Accidental poisoning? No way.
You may think you have taken all the necessary measures to ensure your child’s safety. You’ve child-proofed and took all measures. That was me. But I didn’t think of this one thing and it could have been detrimental for my child. This is our experience with accidental poisoning and a cautionary tale.
I couldn’t quite process what I was seeing. My 3-year-old was sitting on the floor by the stairwell. She was trying to spit something out of her mouth.
Then I saw the yellow encasing for the medicine capsule. She had bitten into (and eaten) my dog’s arthritis medicine. I’m certain this image of my daughter sitting on the floor with the bright yellow pill on the floor in front of her will never leave my memory.
What followed was a flurry of events.
I used my sleeve to wipe the medicine off of my daughter’s tongue, then I had her stand over the garbage and told her to spit into it. I told my oldest daughter to get her coat on. I called my in-laws while shoving the bottle of my dog’s medication into my purse, then directed my youngest daughter to put her boots on. I drove my oldest daughter to my in-laws house and then went directly to the hospital.
Those few minutes were the longest of my life. However, I didn’t hesitate. I didn’t doubt my actions… I was on mommy auto-pilot.
Upon checking my daughter into the emergency I began to replay the events in my mind.
My dog has been on Tramadol for a few years. Sometimes he will hold the pill in his mouth and then spit it out later or he will eat all of his food but leave the pill in his bowl. My daughter had obviously found one of his rejected capsules….
My sweet, precocious, little three-year-old sat on my lap in the emergency room. She was talking coherently, she seemed her usual, energetic, self and her only complaint was that her tongue hurt (which wasn’t a surprise considering I wiped it with the sleeve of my shirt). As we waited to be seen by the doctor I took it upon myself to Google the medication:
Do not crush, chew, or dissolve extended-release tablets or capsules. Doing so can release all of the drug at once, increasing the risk of side effects or overdose. (Source: Web MD)
My stomach flipped, my heart thudded, and it was then that I burst into tears.
My mind spiraled out of control. Why did this happen? If only I had walked into the room a few seconds earlier. What if I had walked into the room a few seconds later?
I felt sickened, grieved, and fearful.
Even though my mind raced, this was one of those rare parenting moments in which I didn’t revert to self-condemnation. This was a straight-up accident. I couldn’t have known my dog would spit up this teeny, tiny pill. I couldn’t have expected that my daughter would find it and eat it.
Regardless, the tears flowed freely as I held my daughter on my lap. I never prayed so much in my entire life. I was not going to lose my daughter. Not on this day… not in this way.
Even though she’s a preschooler I couldn’t help but see her as the helpless newborn I met in the delivery room of that very hospital just 3 1/2 years earlier.
Holding that infant I made the promise that so many mothers make. I would love her. I would protect her. I would do anything for her; my beautiful baby girl….
A couple of hours later, after being assessed by a resident and then the doctor, my daughter was found well enough to be discharged from the hospital.
We went home and things felt surreal as we went through the motions of “normal” everyday life. You would’ve never guessed we had an accidental poisoning just a few hours prior.

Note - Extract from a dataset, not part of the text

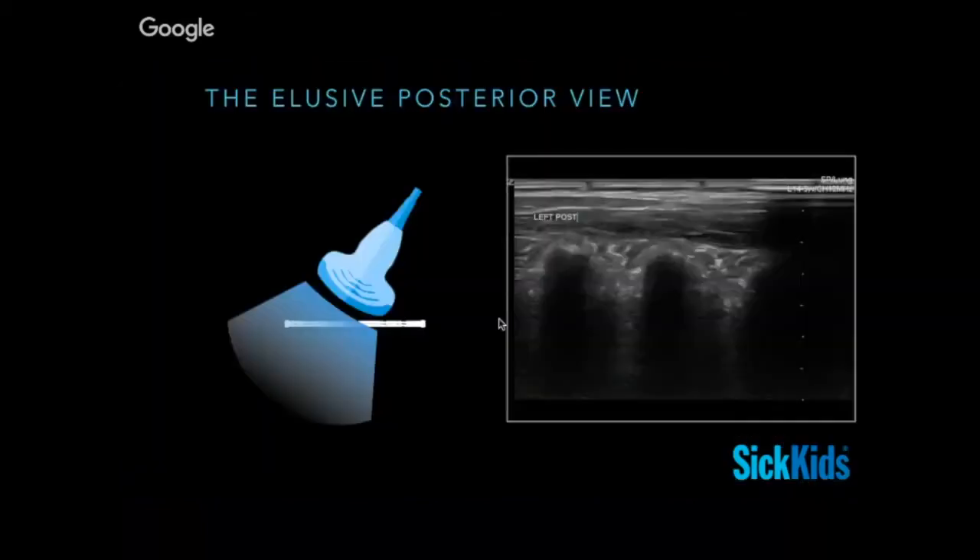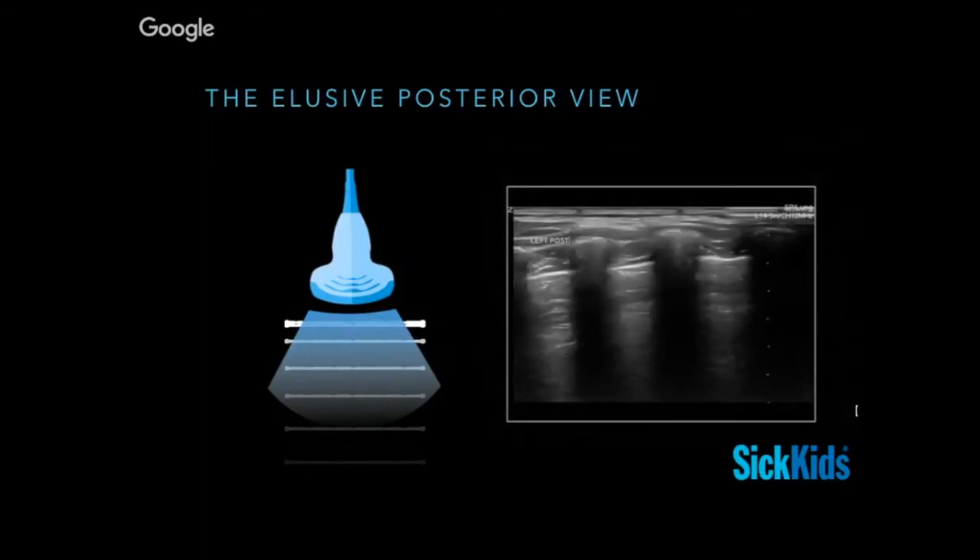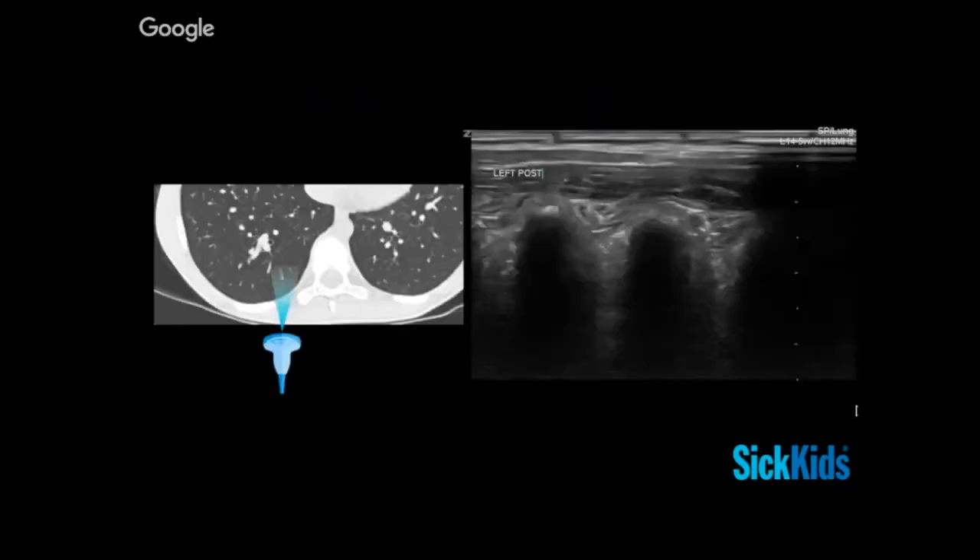Some tips about the posterior view — people struggle with it a lot. A common issue is getting an image when scanning at the back in between the spine and the scapula that shows no clear pleura, looking like disrupted or shredded pleura, but it's really just artifact from not having your beam hit the pleura at a perpendicular angle. Images like this at the posterior part of the patient are often a probe misalignment issue. If you manage to turn your probe to truly intersect the pleura, you'll get A-lines again.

That night as we ate dinner, I looked at my daughter and thanked God that I wasn’t looking at an empty chair at our kitchen table. I had moments when I looked at her and tears filled my eyes. I had moments when I hugged her a bit tighter and held her a bit longer.
I can’t imagine what it would be like to lose a child. This was the closest I’ve ever come to it.
Sleepless nights, sibling fights, yelling, hitting, and temper tantrums… parenting is far from easy. However, I would rather navigate those challenging moments than face the grief of an empty chair at the kitchen table.